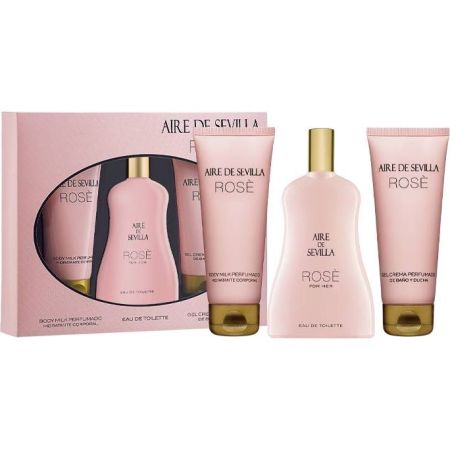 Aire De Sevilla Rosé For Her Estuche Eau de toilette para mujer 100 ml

· · · · ·

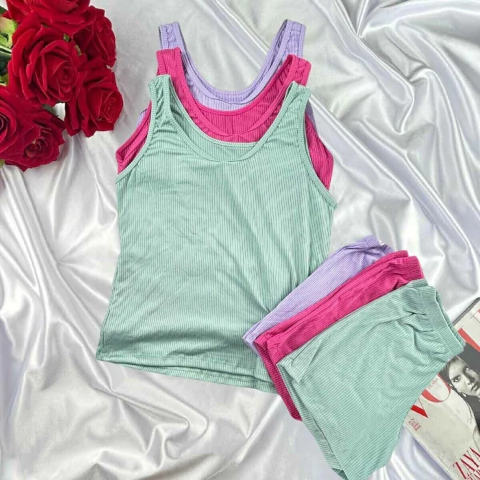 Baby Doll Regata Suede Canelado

· · · · ·

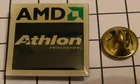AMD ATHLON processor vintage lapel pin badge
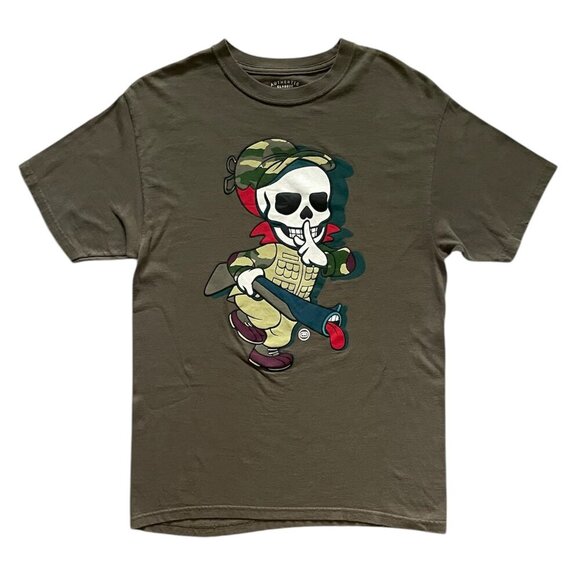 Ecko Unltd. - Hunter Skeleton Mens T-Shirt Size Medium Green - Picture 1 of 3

· · · · ·

Give again the stretch of lines above from the one with "AMD ATHLON processor vintage lapel pin badge" through the one with "Ecko Unltd. - Hunter", both ends kept, and copy no pictures.

AMD ATHLON processor vintage lapel pin badge
 Ecko Unltd. - Hunter Skeleton Mens T-Shirt Size Medium Green - Picture 1 of 3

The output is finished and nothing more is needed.